____ EXERCISE MATERIAL

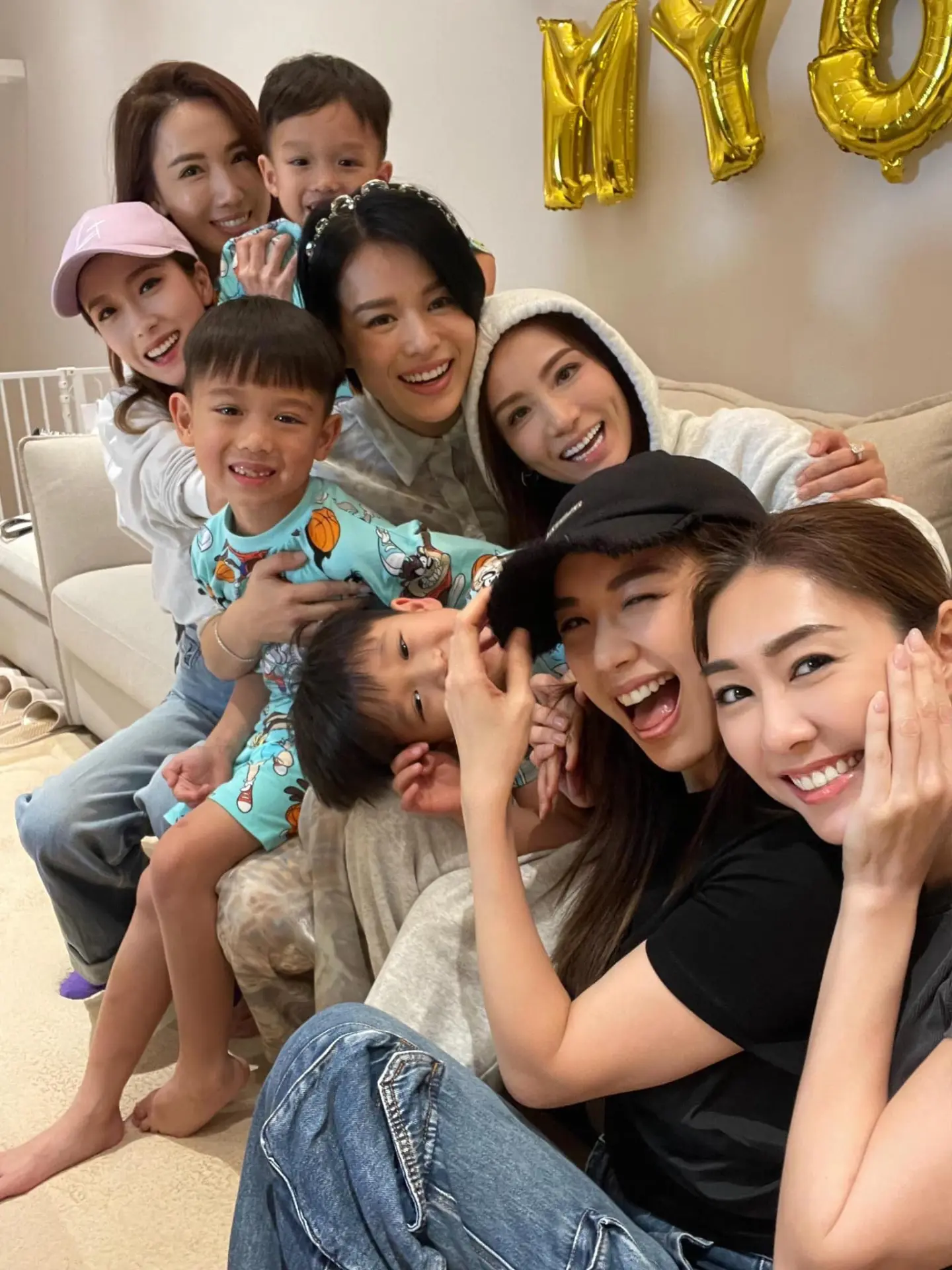 身為「胡說八道會」成員之一，姚子羚透露目前團體中僅餘她與李施嬅尚未結婚。她打趣表示，自己一向低調，未來或會效法定欣閃婚，更自爆目前有追求者，對上戀綜節目持開放態度。(圖：姚子羚 Elaine Yiu@FB)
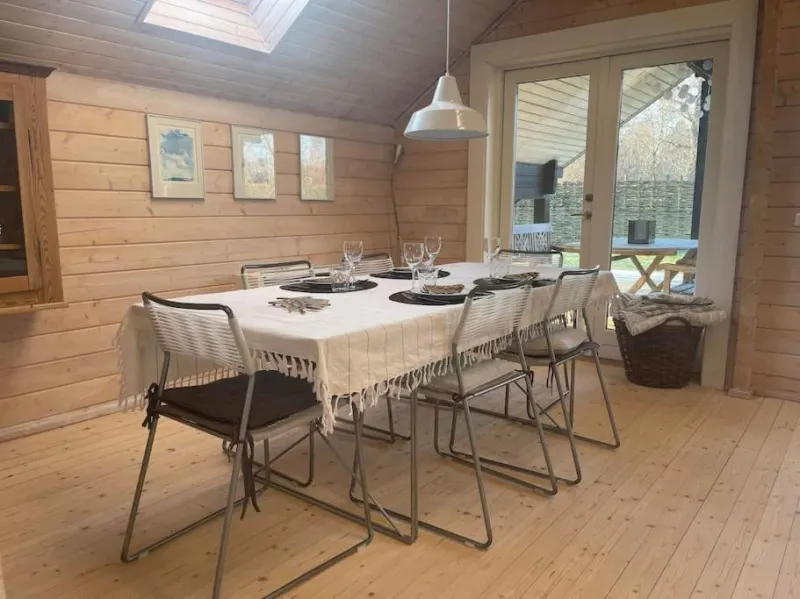 Billede 24 af Hyggeligt og lyst feriehus nær stranden i Klint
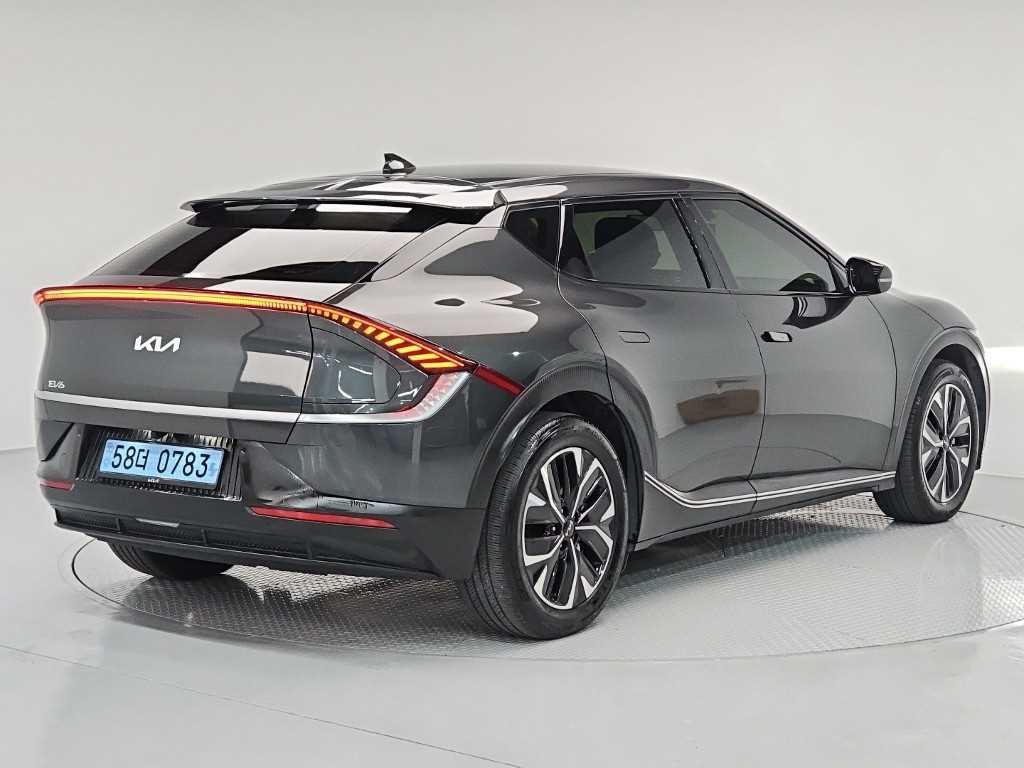 KIA EV6 - Vista 4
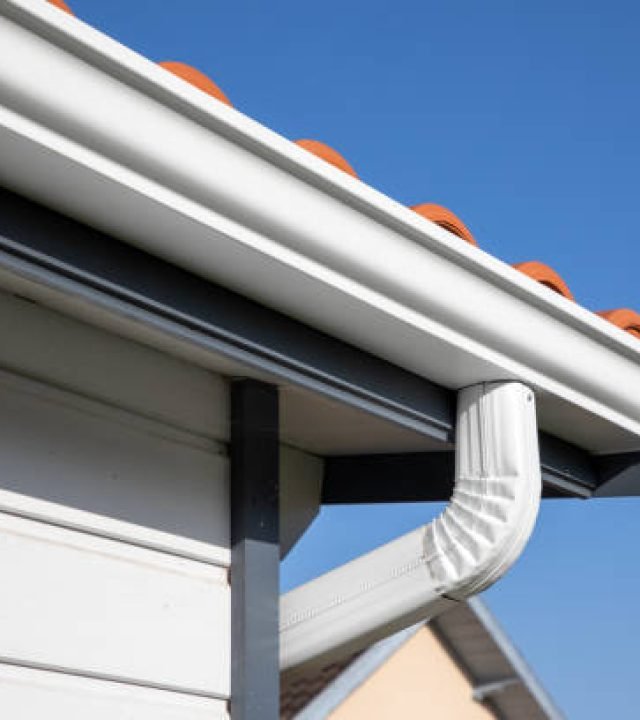 Aluminum soffit and fascia repair in St. Louis - exterior trim work by Meridian Roofing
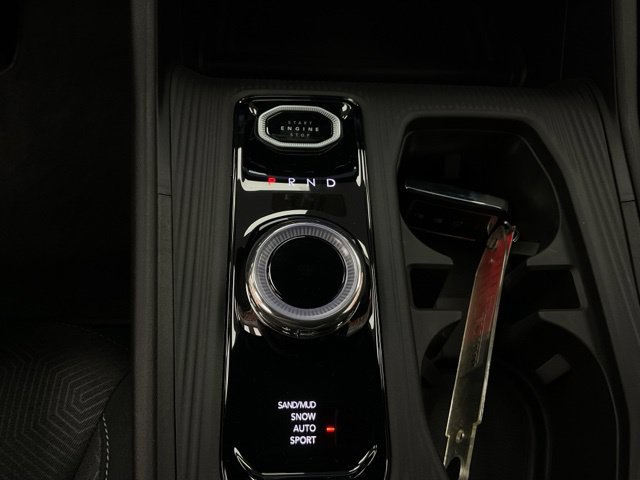 2026 Jeep Cherokee LAREDO 4X4 - Image 36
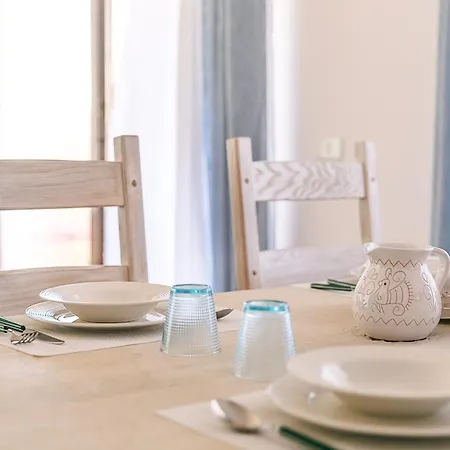 Trilocale Vista Mare - Gallura 80 * Палау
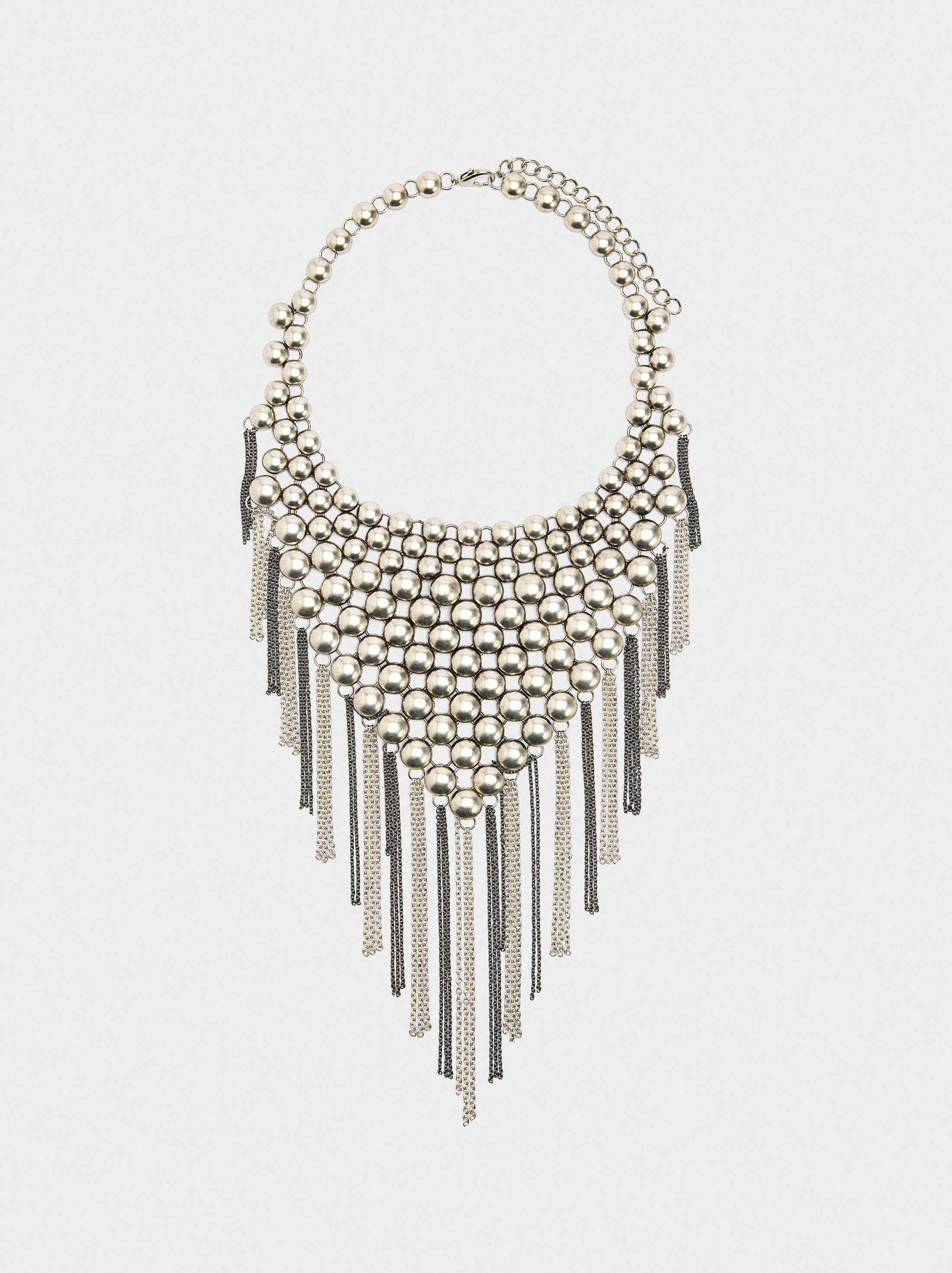 Short bib necklace with metallic fringes image number 0.0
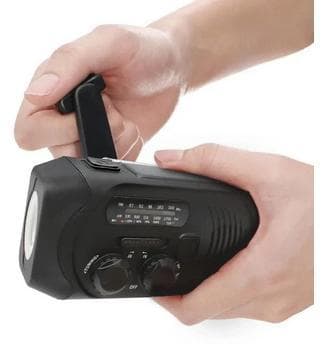 Vevradio med solceller, lommelykt og 2000mAh Powerbank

________

THE TASK:
When you copy the records above, keep every word exact and leave out the pictures they contain.

SOLUTION TO THE EXERCISE:
 身為「胡說八道會」成員之一，姚子羚透露目前團體中僅餘她與李施嬅尚未結婚。她打趣表示，自己一向低調，未來或會效法定欣閃婚，更自爆目前有追求者，對上戀綜節目持開放態度。(圖：姚子羚 Elaine Yiu@FB)
 Billede 24 af Hyggeligt og lyst feriehus nær stranden i Klint
 KIA EV6 - Vista 4
 Aluminum soffit and fascia repair in St. Louis - exterior trim work by Meridian Roofing
 2026 Jeep Cherokee LAREDO 4X4 - Image 36
 Trilocale Vista Mare - Gallura 80 * Палау
 Short bib necklace with metallic fringes image number 0.0
 Vevradio med solceller, lommelykt og 2000mAh Powerbank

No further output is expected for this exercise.